When Sarkozy fell from grace almost a year after taking office, it was because of his personality – he irked the electorate by flaunting his bling lifestyle, and was perceived as being more concerned about his whirlwind romance with Carla Bruni than the struggling French population. But if in early 2008, the public disliked Sarkozy as a person, they didn’t mind his policies and politics. Proof was the good popularity ratings of his prime minister François Fillon, who was well liked while putting Sarkozy’s plans into practice. Fillon still has high approval ratings as he battles to become the new leader of Sarkozy’s UMP party.

By contrast, Hollande’s opinion poll nose-dive is not about personal animosity – he has kept up his image as a modest president – it’s his politics, specifically his way of doing politics, which is under attack. The Socialist leadership and government is seen as confused, accused by its opponents of amateurism and inaction. Even the leftwing daily Libération recently dubbed Hollande and his prime minister Jean-Marc Ayrault “The Apprentices”.

Ayrault, a former teacher who used to drive a VW campervan, was well liked at the start. Yet he has sunk even further than Hollande, to 34% approval ratings. A series of gaffes haven’t helped – notably when he suggested this week that he was open to debating the future of the Socialists’ cherished 35-hour week before hastily contradicting himself under pressure from the Elysée. Or when the government tweaked a planned increase in capital gains taxes after a revolt from young entrepreneurs calling themselves “The Pigeons” (slang for mug or sucker).

All this created a public perception that the government thought problems needed to be solved, but wasn’t sure which ones, or how to do it.

Hollande and Ayrault are pushing through France’s harshest budget for 30 years – and despite telling voters that nine out of 10 of them wouldn’t feel the pinch of higher taxes aimed mostly at the rich and big business, public opinion clearly does fear it will feel the pain.
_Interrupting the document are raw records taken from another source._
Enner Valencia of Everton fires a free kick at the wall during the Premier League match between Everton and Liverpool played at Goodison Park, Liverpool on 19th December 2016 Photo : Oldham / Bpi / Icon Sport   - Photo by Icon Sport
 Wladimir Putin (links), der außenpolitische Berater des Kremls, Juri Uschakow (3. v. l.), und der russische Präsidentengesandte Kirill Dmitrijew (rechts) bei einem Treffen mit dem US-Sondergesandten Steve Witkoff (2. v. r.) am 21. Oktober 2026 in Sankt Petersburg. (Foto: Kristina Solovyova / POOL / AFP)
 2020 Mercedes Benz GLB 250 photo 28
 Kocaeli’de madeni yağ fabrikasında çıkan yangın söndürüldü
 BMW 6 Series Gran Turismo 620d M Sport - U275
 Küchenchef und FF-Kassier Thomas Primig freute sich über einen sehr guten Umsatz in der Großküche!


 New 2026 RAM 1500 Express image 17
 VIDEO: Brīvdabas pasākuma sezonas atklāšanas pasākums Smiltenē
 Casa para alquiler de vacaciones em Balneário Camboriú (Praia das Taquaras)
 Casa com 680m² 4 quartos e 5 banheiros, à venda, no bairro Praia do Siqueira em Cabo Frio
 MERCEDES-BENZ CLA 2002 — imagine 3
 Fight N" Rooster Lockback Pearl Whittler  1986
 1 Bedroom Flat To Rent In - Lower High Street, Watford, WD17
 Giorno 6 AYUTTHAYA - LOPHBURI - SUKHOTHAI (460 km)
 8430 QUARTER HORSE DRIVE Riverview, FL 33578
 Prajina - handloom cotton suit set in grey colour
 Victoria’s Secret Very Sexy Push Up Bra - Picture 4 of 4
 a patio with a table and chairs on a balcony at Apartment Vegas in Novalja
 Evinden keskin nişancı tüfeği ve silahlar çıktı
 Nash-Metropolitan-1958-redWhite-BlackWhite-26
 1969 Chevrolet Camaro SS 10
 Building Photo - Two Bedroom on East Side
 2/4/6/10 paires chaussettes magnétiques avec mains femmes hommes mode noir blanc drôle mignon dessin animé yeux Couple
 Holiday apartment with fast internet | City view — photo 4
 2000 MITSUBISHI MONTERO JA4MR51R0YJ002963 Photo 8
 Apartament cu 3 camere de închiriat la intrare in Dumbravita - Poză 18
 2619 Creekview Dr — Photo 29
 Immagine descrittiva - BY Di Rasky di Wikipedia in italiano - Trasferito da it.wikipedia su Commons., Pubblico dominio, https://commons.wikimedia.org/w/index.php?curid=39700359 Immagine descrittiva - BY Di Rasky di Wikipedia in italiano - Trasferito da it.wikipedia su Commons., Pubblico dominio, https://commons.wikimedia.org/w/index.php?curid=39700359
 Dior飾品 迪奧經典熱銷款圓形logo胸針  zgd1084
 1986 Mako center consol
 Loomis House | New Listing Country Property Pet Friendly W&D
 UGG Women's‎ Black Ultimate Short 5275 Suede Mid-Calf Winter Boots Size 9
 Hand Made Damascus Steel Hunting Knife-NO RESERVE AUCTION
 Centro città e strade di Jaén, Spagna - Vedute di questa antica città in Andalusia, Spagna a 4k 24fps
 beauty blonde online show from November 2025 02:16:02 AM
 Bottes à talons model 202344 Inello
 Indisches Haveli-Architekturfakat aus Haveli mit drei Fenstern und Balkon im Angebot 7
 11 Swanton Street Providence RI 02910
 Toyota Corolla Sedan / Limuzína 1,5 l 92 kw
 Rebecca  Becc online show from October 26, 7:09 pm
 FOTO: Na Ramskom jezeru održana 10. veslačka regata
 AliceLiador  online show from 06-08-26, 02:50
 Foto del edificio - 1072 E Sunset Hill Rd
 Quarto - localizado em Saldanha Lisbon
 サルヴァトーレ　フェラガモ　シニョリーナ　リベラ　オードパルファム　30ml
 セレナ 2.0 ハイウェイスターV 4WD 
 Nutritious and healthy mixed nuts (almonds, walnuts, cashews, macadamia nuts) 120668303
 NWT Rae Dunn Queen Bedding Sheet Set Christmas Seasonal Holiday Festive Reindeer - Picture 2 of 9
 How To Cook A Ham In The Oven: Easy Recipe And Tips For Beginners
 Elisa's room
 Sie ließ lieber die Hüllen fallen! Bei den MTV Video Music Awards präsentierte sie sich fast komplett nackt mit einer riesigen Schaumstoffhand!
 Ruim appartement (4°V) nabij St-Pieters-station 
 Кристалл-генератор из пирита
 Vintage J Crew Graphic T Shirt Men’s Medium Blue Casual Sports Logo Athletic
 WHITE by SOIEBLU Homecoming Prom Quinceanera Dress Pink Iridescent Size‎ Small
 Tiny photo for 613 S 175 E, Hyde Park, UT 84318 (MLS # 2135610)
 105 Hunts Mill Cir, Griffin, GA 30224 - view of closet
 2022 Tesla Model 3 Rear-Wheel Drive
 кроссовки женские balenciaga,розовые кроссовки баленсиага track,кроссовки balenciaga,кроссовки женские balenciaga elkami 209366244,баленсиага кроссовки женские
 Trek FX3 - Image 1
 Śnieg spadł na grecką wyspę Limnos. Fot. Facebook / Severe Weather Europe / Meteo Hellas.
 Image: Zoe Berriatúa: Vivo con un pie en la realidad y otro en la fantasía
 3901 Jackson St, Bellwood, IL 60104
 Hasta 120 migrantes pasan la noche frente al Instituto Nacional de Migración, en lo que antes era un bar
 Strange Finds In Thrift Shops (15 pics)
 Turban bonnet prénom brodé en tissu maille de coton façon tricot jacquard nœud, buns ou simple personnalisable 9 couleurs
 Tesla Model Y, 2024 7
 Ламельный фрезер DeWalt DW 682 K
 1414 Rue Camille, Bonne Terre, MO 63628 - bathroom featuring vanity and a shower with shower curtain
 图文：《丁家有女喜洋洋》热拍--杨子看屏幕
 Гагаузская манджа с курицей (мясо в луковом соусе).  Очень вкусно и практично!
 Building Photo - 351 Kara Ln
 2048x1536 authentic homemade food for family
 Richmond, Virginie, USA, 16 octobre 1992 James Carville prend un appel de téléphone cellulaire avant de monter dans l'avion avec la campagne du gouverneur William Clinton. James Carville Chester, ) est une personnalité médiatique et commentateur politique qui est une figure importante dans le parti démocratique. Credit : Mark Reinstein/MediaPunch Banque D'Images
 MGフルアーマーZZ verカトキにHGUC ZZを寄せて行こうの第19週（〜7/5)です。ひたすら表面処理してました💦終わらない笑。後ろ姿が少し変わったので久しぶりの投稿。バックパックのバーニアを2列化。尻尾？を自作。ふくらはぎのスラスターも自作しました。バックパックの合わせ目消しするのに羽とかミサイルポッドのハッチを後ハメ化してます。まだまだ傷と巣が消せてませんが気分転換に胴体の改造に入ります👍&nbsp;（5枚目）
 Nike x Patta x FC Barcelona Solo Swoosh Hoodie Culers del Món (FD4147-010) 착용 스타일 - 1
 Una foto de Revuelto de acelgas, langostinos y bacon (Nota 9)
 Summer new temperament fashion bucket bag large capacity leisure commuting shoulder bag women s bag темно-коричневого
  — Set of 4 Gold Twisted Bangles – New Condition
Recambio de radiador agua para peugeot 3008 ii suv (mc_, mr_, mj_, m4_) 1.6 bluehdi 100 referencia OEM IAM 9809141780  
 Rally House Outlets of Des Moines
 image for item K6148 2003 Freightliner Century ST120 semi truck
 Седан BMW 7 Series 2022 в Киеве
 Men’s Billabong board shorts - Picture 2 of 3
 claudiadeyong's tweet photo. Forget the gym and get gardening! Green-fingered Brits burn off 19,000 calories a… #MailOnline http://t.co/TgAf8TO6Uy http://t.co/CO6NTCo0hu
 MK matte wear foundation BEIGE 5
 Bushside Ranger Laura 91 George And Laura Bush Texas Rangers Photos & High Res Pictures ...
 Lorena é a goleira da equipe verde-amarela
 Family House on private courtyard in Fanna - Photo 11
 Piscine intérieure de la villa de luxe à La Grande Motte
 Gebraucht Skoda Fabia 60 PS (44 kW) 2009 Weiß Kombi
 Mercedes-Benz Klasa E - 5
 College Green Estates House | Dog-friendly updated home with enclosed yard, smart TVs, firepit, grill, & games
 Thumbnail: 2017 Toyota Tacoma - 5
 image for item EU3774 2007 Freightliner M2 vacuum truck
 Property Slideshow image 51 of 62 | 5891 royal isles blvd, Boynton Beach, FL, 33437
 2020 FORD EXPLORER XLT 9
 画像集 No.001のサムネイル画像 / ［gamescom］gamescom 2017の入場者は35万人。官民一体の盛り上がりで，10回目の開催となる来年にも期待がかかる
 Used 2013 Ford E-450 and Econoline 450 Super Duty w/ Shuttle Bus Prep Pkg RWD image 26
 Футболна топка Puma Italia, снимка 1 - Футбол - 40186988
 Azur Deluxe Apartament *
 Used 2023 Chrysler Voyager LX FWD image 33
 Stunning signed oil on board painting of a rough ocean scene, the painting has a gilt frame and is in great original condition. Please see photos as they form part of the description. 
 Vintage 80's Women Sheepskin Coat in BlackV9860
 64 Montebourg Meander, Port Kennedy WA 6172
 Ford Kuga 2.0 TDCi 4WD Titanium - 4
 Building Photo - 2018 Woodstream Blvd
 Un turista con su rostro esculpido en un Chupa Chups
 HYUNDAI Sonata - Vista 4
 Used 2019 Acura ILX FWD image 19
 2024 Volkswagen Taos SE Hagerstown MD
Hollande is forced to respect EU demands to cut the French deficit. But he must also persuade voters he has his own ideas. The old cliche of France being a country impossible to reform has given way to a searching quest for real structural solutions to rising unemployment, dying industry, low competitiveness, stuttering growth and the threat of recession.

Hollande favours slow, gradual “negotiation” in contrast to what he calls the “brutality” and headline-grabbing of the Sarkozy era. He has said there will be no “shock treatment” for Paris’s uncompetitive economy, despite an impatient Germany fearing France is the next sick man of Europe, but instead a slow, five-year-long approach. But his consensual approach has been construed in the public eye as inaction. To the point where Le Monde asked in a headline this week: “Has Hollande underestimated the crisis?”

Hollande stood firm in Le Monde, saying he was acutely aware of the trouble facing France and was confident that there would be an economic up-turn. “To exercise power nowadays is very hard. There is no longer any leniency, any respect. But I knew that,” he said.